И дальше Репин высказывает главную идею, смысл всей реалистической живописи и тайну собственного глубоко реалистического творчества: «В картине можно оставить только такое лицо, какое ею в общем смысле художественном терпится, это тонкое чувство, никакой теорией его не объяснишь, и умышленное приукрашивание сгубило бы картину. Для живой, гармонической правды целого нельзя не жертвовать деталями… Картина есть глубоко сложная вещь и очень трудная. Только напряжением всех внутренних сил в одно чувство можно воспринять картину, и… Вы почувствуете, что выше всего правда жизни, она всегда заключает в себе глубокую идею и дробить ее… по каким-то кабинетным теориям плохих художников… – просто профанация и святотатство».
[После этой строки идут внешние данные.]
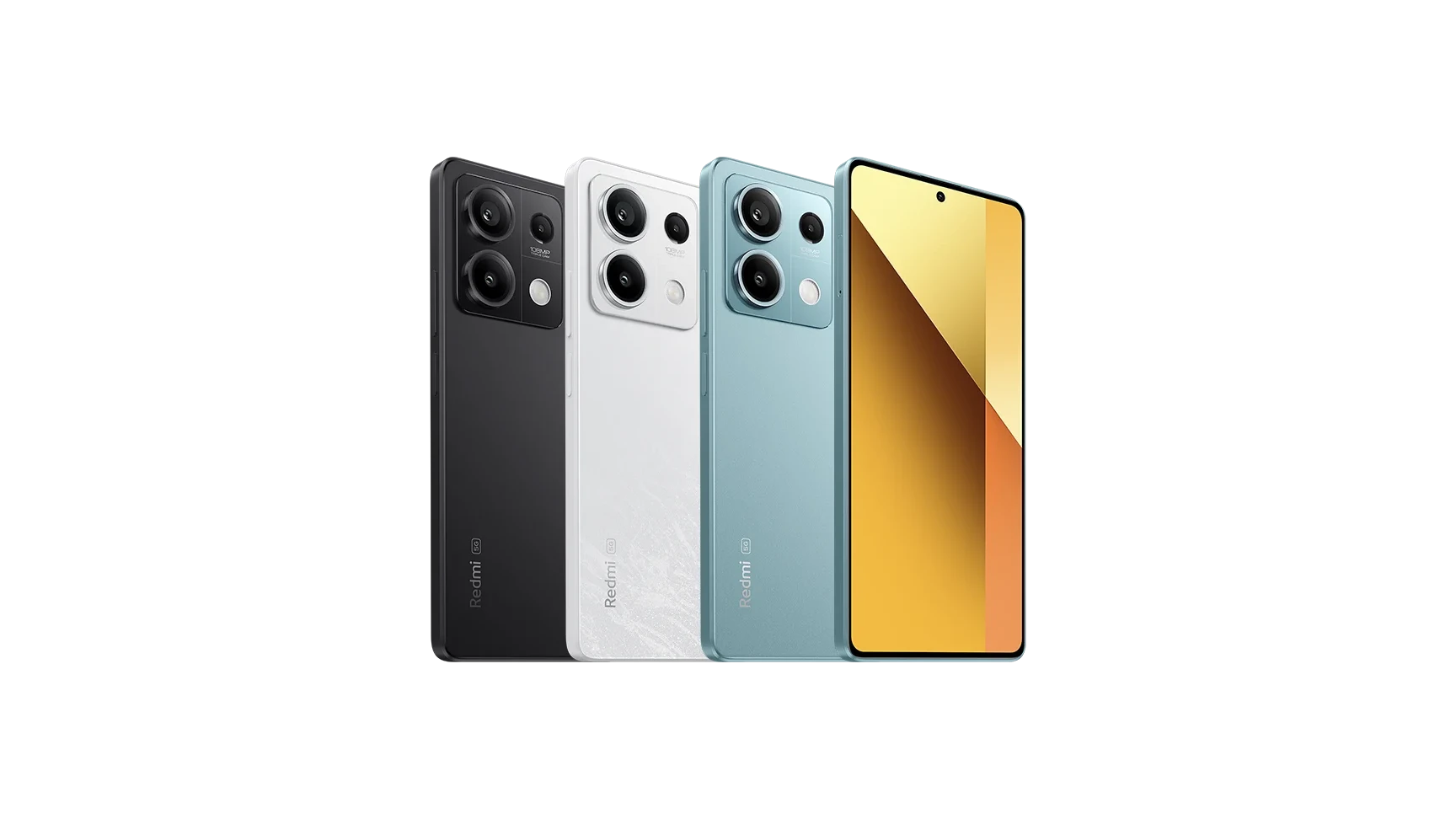 รูปภาพ เสียวหมี่ Xiaomi RedmiNote 13 5G (6GB/128GB)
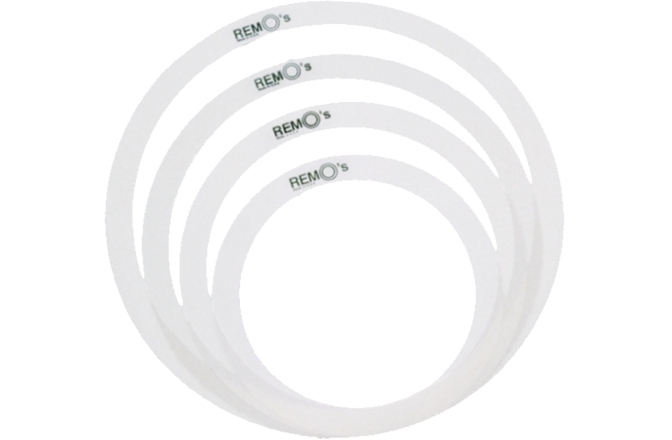 Inele amortizare Remo  10/12/ 2x 14"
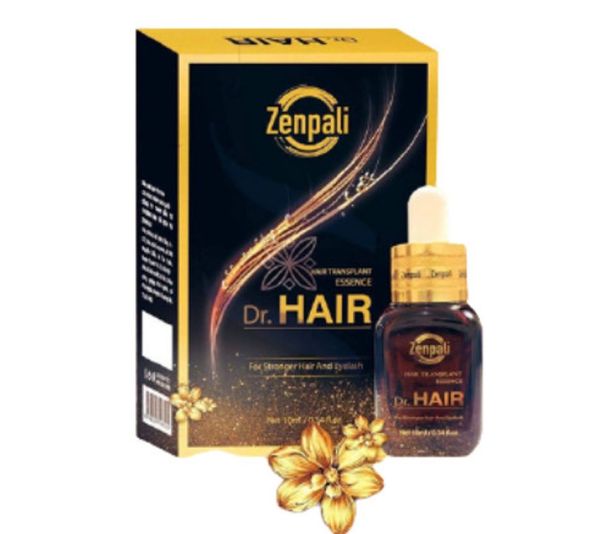 Tinh chất dài mi mọc tóc Dr Hair Zenpali 10ml tác dụng giúp dài mi và kích mọc tóc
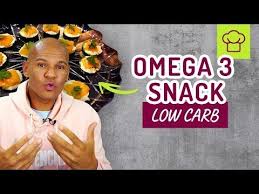 Low Carb Omega 3 Party Snack Unbedingt Nachmachen Coach Cecil Youtube Snacks Fur Party Snack Partysnacks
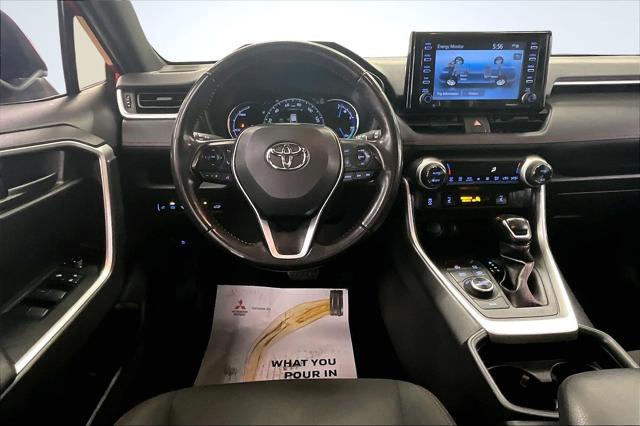 2021 Toyota RAV4 Prime SE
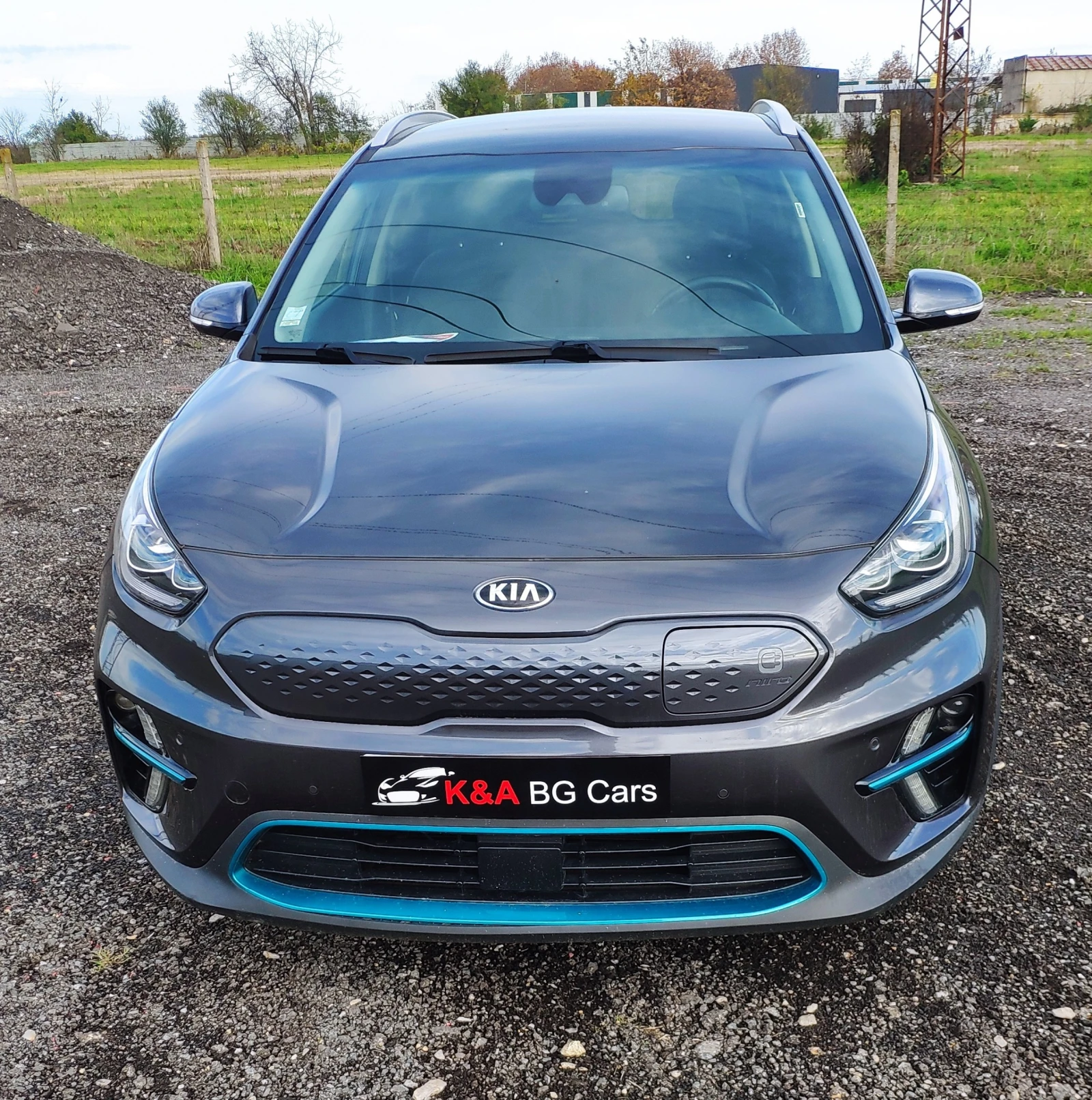 Kia Niro EXECUTIVELINE 64 KWh 204     | Mobile.bg   4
Художник шел в своих взглядах вслед за Чернышевским и передовой демократической критикой. Высказываемые им мысли, несомненно, способствовали развитию эстетических вкусов Третьякова, способствовали более глубокому пониманию живописи, влияли на отбор произведений. Третьяков не мог не согласиться с художником. Ответил кратко: «…Я очень и глубоко уважаю Вашу самостоятельность, и если высказываю когда свои мысли или взгляды, то знаю наперед, что Вам их не навяжешь… а говорить можно …может быть, иногда и верное скажешь».
Действительно, советы Павла Михайловича нередко помогали Репину. Так случилось, например, при написании картины «Не ждали». Третьякова что-то не удовлетворило в выражении лица вернувшегося из ссылки человека. Он написал художнику: «Лицо в картине „Не ждали“ необходимо переписать… Не годится ли Гаршин?» Репин последовал дельному совету, лицо переписал и потом сам рассказывал, насколько больше стала нравиться картина и ему и зрителям.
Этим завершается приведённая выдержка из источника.